Complimentary dataset and code for the chapter
"Automated Inference of Chemical Discriminants of Biological Activity"
in the book "Computational drug discovery and design"* (Methods in Molecular Biology, Springer Protocols).
Authors:
Sebastian Raschka, Anne M. Scott, Mar Huertas, Weiming Li, and Leslie A. Kuhn
To run the code examples, a recent version of Python is required (3.5 or newer) is required; Python 3.6 is recommended. You can https://www.python.org/downloads/.
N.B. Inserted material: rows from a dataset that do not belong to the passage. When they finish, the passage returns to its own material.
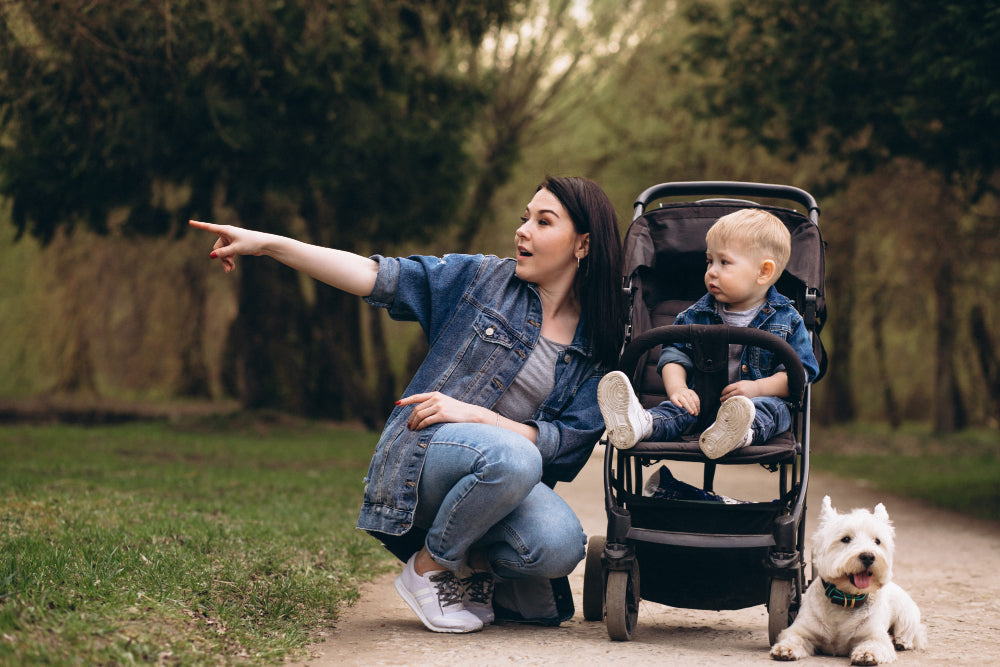 A mother in a denim jacket points something out to her toddler sitting in a baby stroller on a park path with their dog.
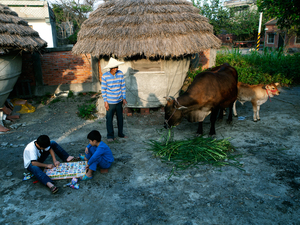彰化縣大城鄉_傳統穀倉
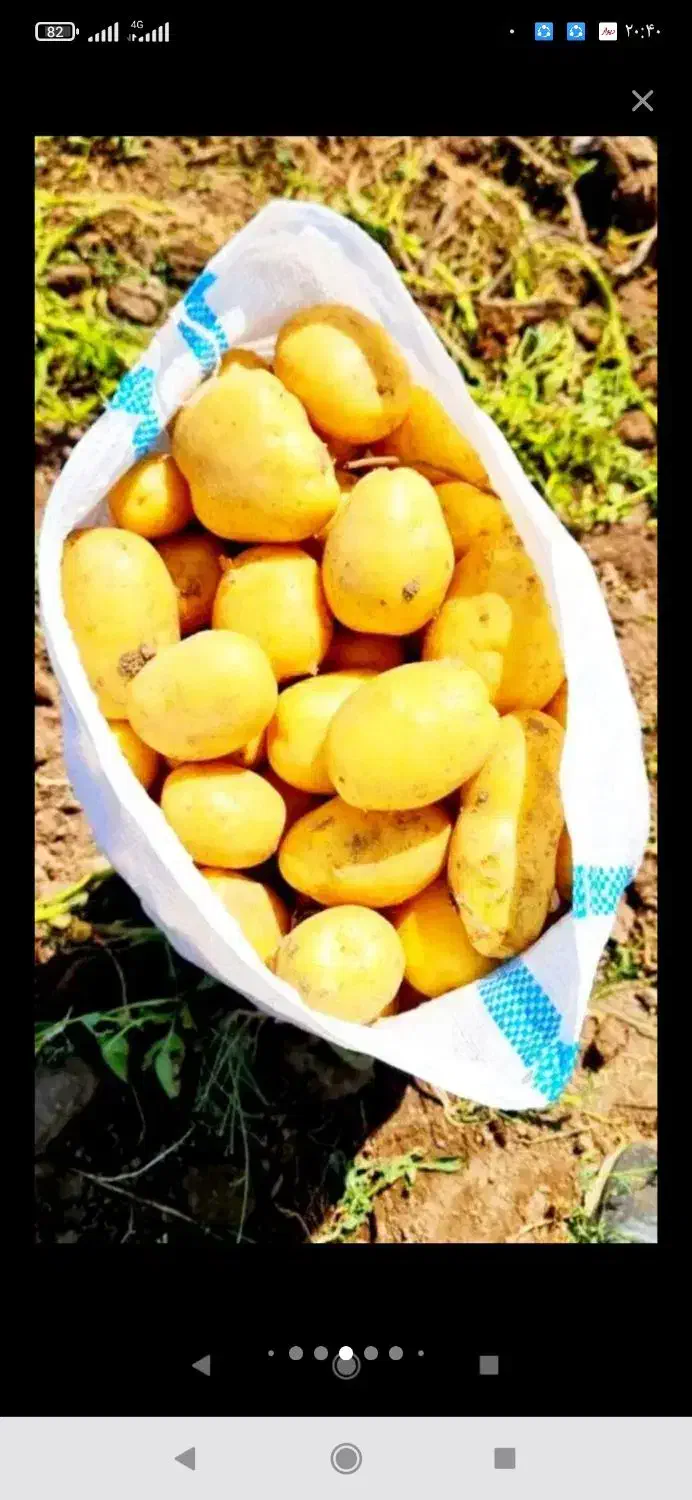 سیب متوسط سیب زمینی درهم|عمده‌فروشی|بهار, |دیوار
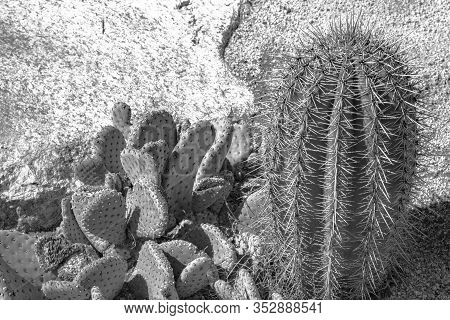Black And White Closeup Detalis Of Southwestern Desert Cactus With Sharp Spines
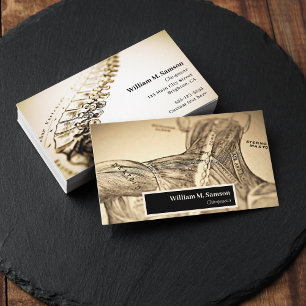 Antique anatomical illustration chiropractor business card
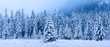Winter landscape. Panoramic winter forest. Snowy Christmas trees in mountains. Frosty nature in mountain valley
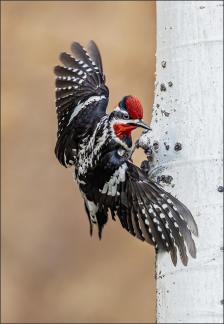 Red-naped Sapsucker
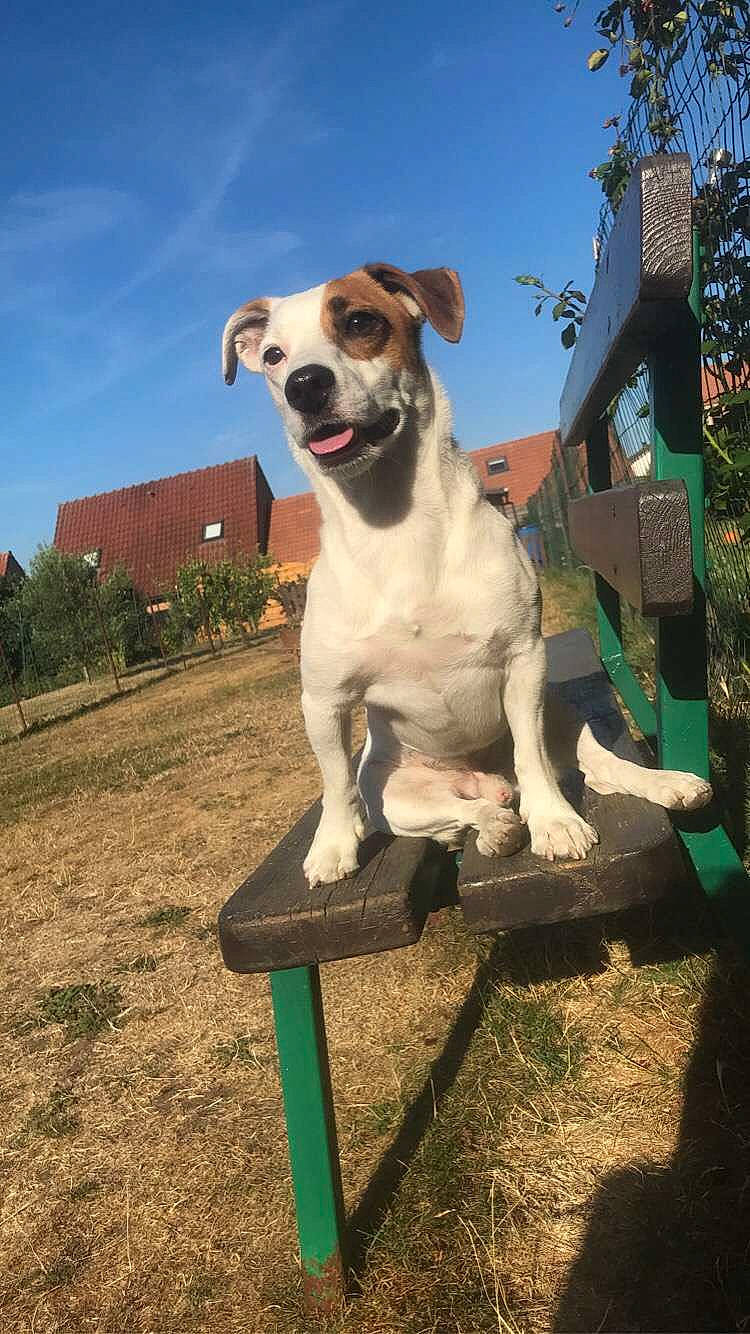 Snoopy participe au concours pour gagner de l'argent avec cette photo : art, carnivore, collar, companion_dog, dog, dog_breed, dog_collar, dog_supply, fawn, grass, landscape, pet_supply, plant, sky, soil, sporting_group, tail, tree, working_animal, working_dog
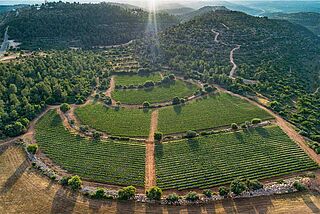 Tzora Vineyards Weinberge von oben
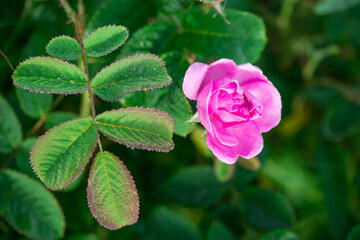 Close up of oil-bearing, flowering Rosa damascena, known as the Damask rose. Blured background. Organic natural concept.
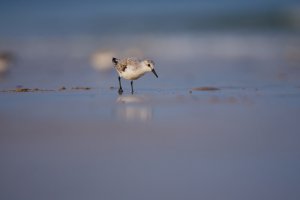 Bécasseau sanderling
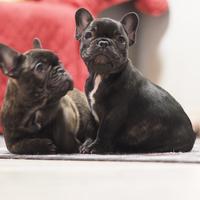 Cuccioli di Bouledogue Francese disponibili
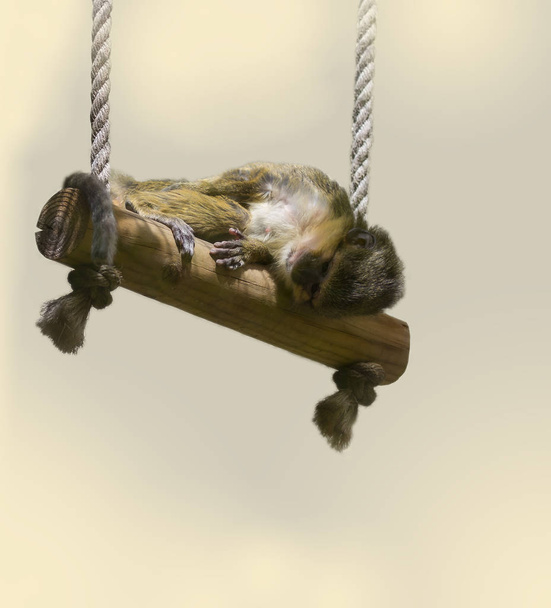 dwarf guenon on the swing - Zdjęcie, obraz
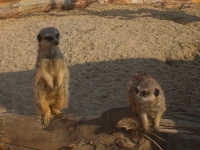 Buitenafdeling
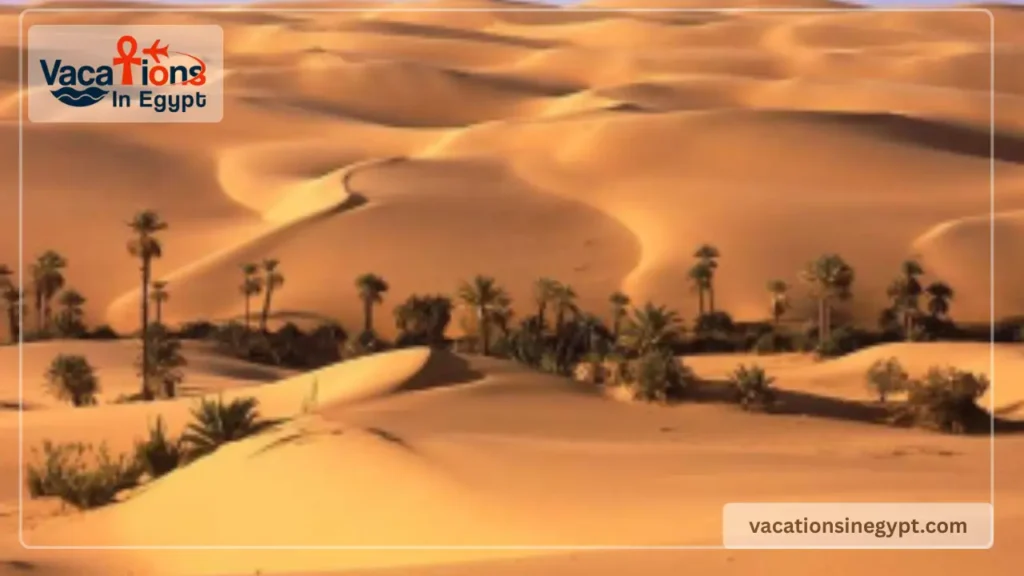 sahara-grand-dune-camels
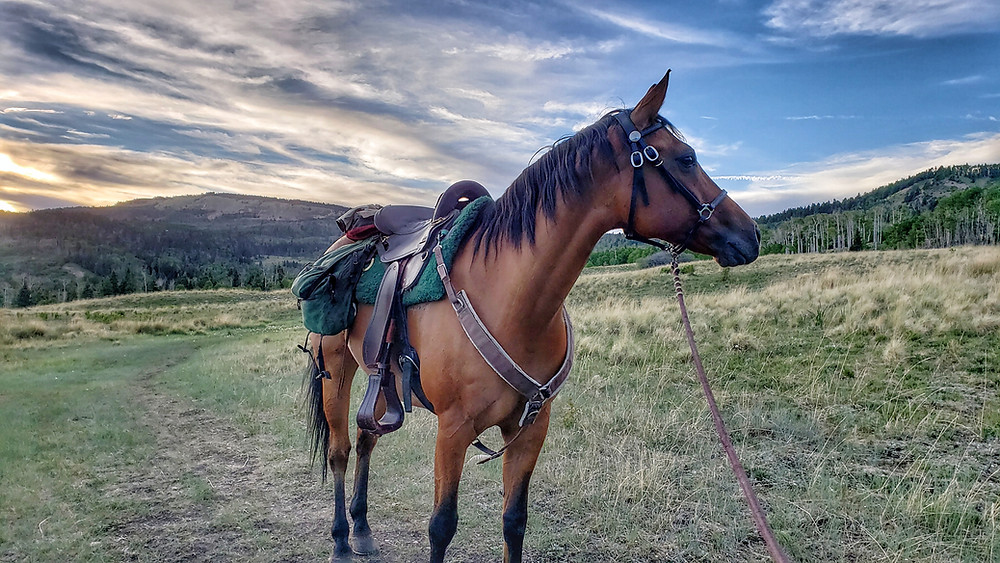 Takoda at sunset outside Canjillon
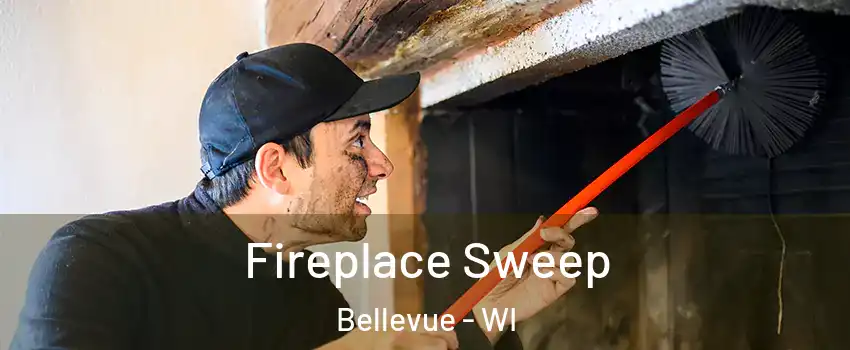  Fireplace Sweep Bellevue - WI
The following list specifies the Python libraries used in this chapter, the recommended version number, and a short description of their use:
- NumPy version 1.13.0 or newer (http://www.numpy.org); numerical array library
- SciPy version 0.19.0 or newer (https://www.scipy.org); advanced functions for scientific computing
- Pandas version 0.20.1 or newer (http://pandas.pydata.org); handling of CSV files and working with data frames
- Matplotlib version 2.0.2 or newer (https://matplotlib.org); 2D plotting
- Scikit-learn version 0.18.1 or newer (http://scikit-learn.org/stable/); algorithms for machine learning
- MLxtend version 0.7.0 or newer (http://rasbt.github.io/mlxtend/); sequential feature selection algorithms
The scientific computing libraries listed above can be installed using Python's in-built Pip module by executing the following line of code directly from a macOS/Unix, Linux, or Windows MS-DOS terminal command line:
pip install numpy scipy pandas matplotlib scikit-learn pydotplus mlxtend
If you encounter problems with version incompatibilities, you can specify the package versions explicitly, as shown in the following terminal command example:
pip install numpy==1.13.0 scipy==0.19.0 pandas==0.20.1 matplotlib==2.0.2 scikit-learn==0.18.1 pydotplus==2.0.2 mlxtend==0.7.0
To visualize the decision trees later in this chapter, an installation of GraphViz is needed. The GraphViz downloader is freely available at http://www.graphviz.org with the installation and setup instructions.
To open and execute the code in the file code/dkpes_fgroup_analysis.ipynb locally, Jupyter Notebook for Python is required. For more information on installing Jupyter Notebook, please visit http://jupyter.readthedocs.io/en/latest/install.html.
Alternatively, if you don't want to install Jupyter Notebook, you can view the code in your browser by clicking on the code/dkpes_fgroup_analysis.ipynb file in this GitHub repository.